How can this be done? As Keith writes at Singularity Hub "[…] all too often
when making a phone call, I hope the person doesn't even answer so that I can
leave a voice message with the pertinent information and get on with my day.
With today's video chat, it usually isn't even possible to leave a video
message." Why is this not possible?

I think that there are three main formats of conversations (based on speed):

    
    
      1. Realtime + Continuous (face-to-face AFK interaction, phone calls)
      2. Realtime + Intersperced (Instant Messaging [AIM/Jabber], SMS)
      3. Not realtime (letters via USPS, typical use of email, posts to blogs)
    

What is notable is that with video, options exist only for types one and two:

    
    
      1. Video chat (as implemented by Skype and GTalk/Gmail)
      2. [doesn't appear to exist]
      3. Video blogging (posting a video to YouTube, emailing your friend the link)
    

I think people (including Skype) have assumed that realtime video should
follow the format of telephone calls - continuous and streaming. This
certainly has its place. But what might be more useful would be video IM. In
an IM client such as Skype, have a button to record a short message perhaps
limited to a total of 30 seconds, just as Twitter limits updates to 140
characters. Send the video and let the recipient watch the video as they are
able. Then, the second party can take their time to think of something to say,
fix their hair, etc. and respond by recording a short response.

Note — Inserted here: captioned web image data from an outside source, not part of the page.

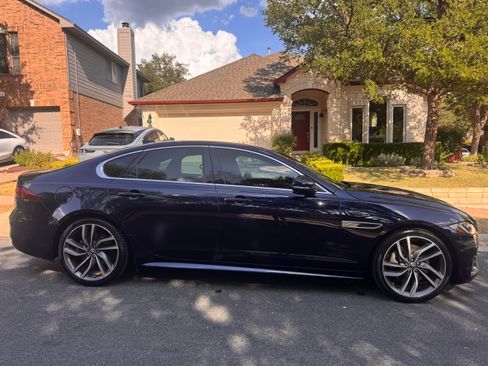 Used 2024 Jaguar XF R-Dynamic SE AWD/4WD image 6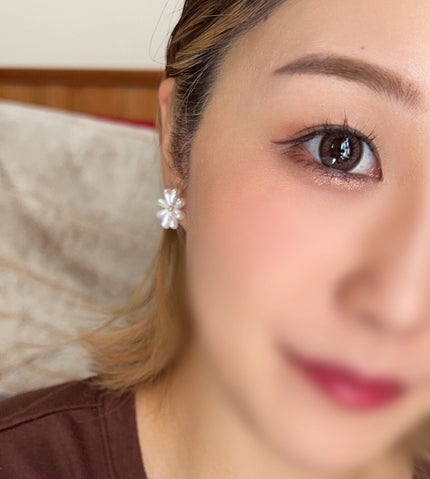 エバーカラーワンデー ナチュラル/エバーカラー/ワンデー(1DAY)カラコンを使ったクチコミ(3枚目)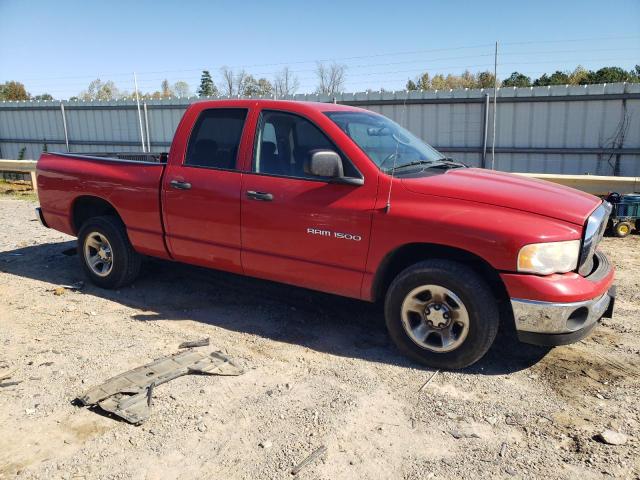 1D7HA18N25S228380 - 2005 DODGE RAM 1500 ST RED photo 4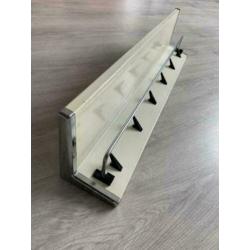 Vintage Brabantia rek jaren 60-70 metaal
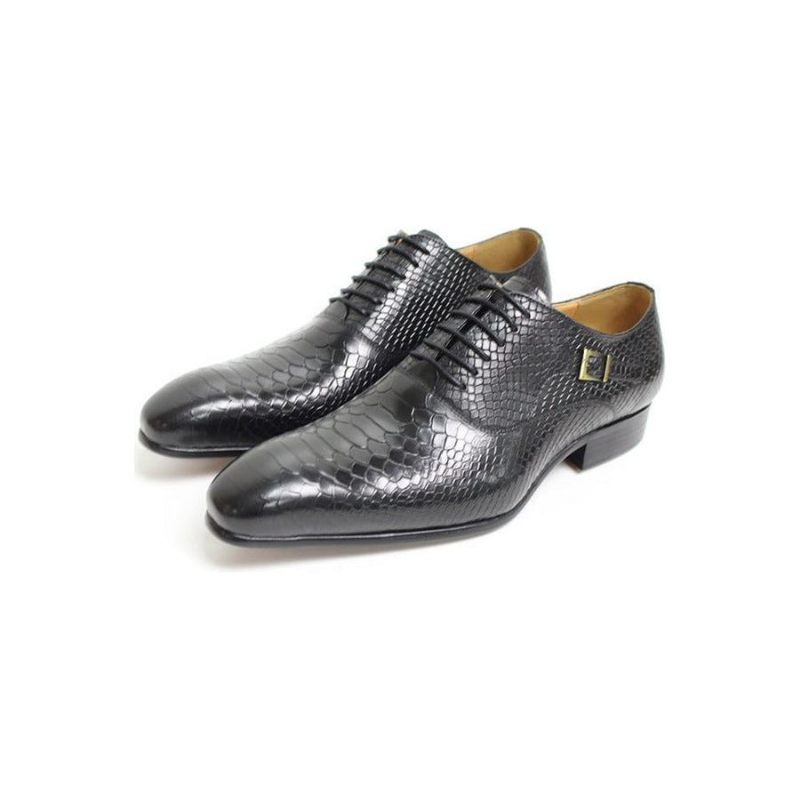 Sapatos Formais Masculinos Executivos Oxford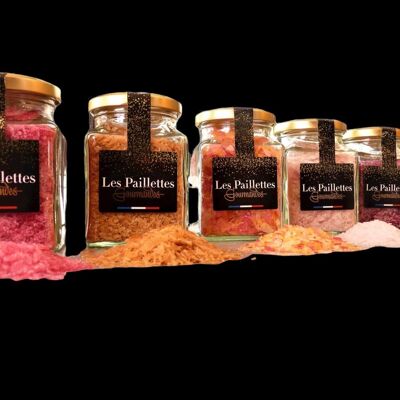 Les Paillettes Gourmandes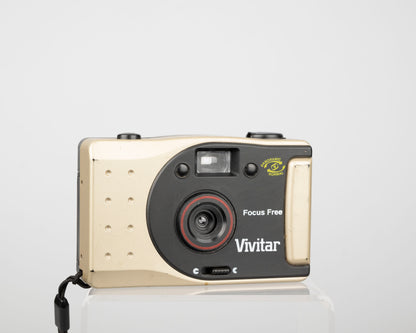 Vivitar PN2011 wide-angle 35mm film camera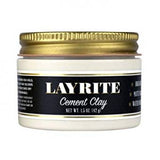 Layrite Cement Hair Clay - 1.5oz.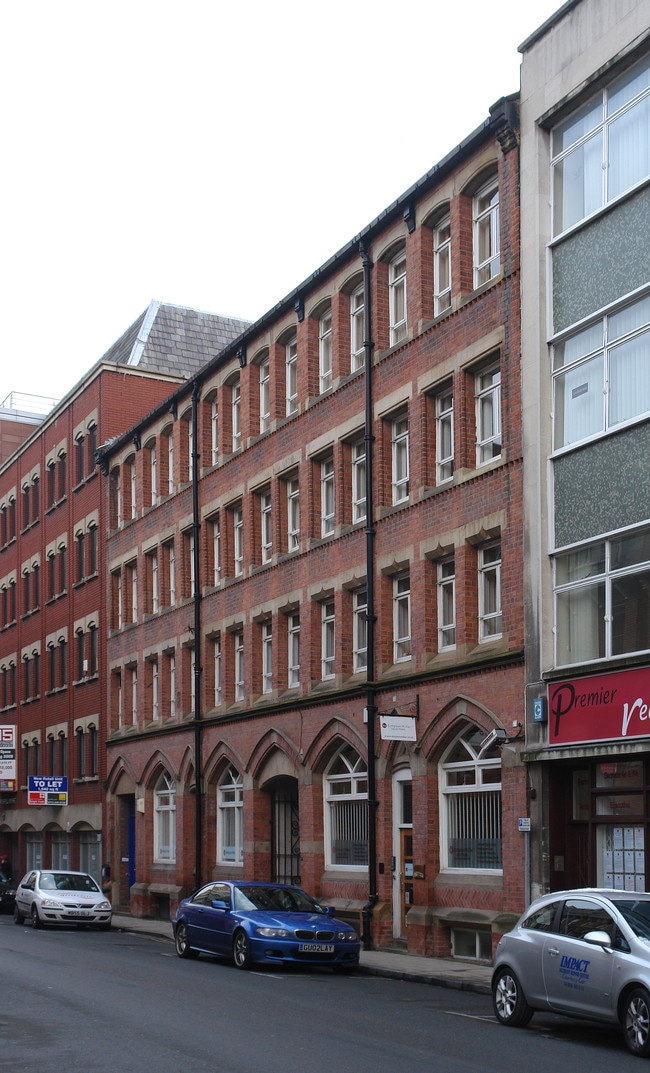 More details for 21-27 St. Pauls St, Leeds - Office to Rent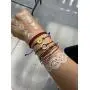 4pcs Vsco Wave Bracelet for Women Sunflower String Bracelet Handmade Braided Rope Charms Boho Surfer Bracelet for Teen Girls Women 4pcs Vsco Wave Bracelet for Women Sunflower String Bracelet Handmade Braided Rope Charms Boho Surfer Bracelet for Teen Girls Women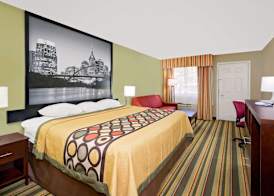 Super 8 by Wyndham Hermitage Nashville 5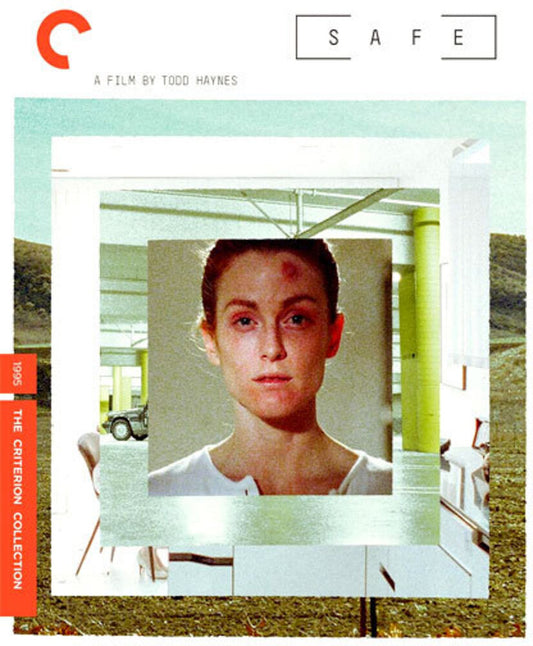 Safe (Criterion Collection) - 4K Ultra HD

Approaching video this way would remove the initiating parties worry that they
are interrupting anything - the recipient only watches their video when they
are able and can choose when to respond. It also removes the worry that video
means a 'long serious conversation' - instead it can be simply short amusing
anecdotes or quick flirtatious quips - what would previously have been
expressed through texting/SMS. It lowers the stress of both parties who no
longer have to be on-point for an extended period. And it frees both, no
longer "tied to the screen".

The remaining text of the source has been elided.